§ WORK TASK: From the records below, state how many lines hold the string "Computer", without any other text.

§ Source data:
»»
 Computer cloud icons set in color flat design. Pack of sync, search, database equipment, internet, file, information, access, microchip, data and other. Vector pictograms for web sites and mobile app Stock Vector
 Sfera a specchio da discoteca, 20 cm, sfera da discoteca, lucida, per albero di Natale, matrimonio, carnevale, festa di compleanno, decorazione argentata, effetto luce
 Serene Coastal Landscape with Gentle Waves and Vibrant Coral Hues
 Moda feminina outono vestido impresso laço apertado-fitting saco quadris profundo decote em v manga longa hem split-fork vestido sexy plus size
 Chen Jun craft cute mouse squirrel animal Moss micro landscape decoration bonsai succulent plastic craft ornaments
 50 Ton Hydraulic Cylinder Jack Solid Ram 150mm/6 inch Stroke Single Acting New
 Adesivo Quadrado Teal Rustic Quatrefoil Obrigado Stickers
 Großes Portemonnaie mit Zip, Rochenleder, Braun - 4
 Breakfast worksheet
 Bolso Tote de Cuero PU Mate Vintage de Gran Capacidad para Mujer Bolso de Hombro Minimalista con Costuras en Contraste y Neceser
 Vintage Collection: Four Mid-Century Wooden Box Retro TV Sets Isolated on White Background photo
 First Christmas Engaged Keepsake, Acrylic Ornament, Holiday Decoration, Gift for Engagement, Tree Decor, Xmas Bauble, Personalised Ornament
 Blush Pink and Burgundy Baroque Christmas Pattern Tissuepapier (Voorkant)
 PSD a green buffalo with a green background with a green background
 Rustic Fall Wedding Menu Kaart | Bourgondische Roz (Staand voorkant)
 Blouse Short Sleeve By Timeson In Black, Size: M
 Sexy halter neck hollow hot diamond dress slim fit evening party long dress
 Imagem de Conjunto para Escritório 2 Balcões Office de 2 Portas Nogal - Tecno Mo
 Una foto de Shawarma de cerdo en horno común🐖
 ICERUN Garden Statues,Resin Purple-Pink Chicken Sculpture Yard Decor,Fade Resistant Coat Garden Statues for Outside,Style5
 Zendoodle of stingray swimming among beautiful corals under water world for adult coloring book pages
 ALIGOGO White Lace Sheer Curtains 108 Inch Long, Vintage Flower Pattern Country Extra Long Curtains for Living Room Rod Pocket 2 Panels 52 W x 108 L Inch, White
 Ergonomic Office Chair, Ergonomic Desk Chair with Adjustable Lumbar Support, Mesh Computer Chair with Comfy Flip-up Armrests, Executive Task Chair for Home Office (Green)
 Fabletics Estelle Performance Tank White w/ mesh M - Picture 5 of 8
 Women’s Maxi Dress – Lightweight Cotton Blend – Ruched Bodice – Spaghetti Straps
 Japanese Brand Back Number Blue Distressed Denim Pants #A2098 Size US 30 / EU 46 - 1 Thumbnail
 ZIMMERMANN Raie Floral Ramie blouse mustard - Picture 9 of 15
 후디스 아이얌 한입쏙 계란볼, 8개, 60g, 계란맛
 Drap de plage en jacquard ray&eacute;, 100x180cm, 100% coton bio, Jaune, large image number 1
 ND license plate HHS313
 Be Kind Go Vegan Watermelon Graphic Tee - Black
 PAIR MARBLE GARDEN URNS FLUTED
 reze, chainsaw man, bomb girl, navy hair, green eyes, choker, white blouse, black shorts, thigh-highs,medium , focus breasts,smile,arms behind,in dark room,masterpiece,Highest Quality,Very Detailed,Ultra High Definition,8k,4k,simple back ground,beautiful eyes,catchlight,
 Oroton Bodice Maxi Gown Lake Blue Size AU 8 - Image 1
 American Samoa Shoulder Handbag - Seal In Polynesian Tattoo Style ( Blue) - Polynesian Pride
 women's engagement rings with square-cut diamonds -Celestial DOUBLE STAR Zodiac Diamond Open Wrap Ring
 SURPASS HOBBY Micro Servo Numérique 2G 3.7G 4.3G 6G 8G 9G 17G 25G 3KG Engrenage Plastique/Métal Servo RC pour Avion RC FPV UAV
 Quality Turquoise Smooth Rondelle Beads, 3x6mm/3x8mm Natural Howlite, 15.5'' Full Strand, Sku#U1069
««
§ EXERCISE OUTPUT: 2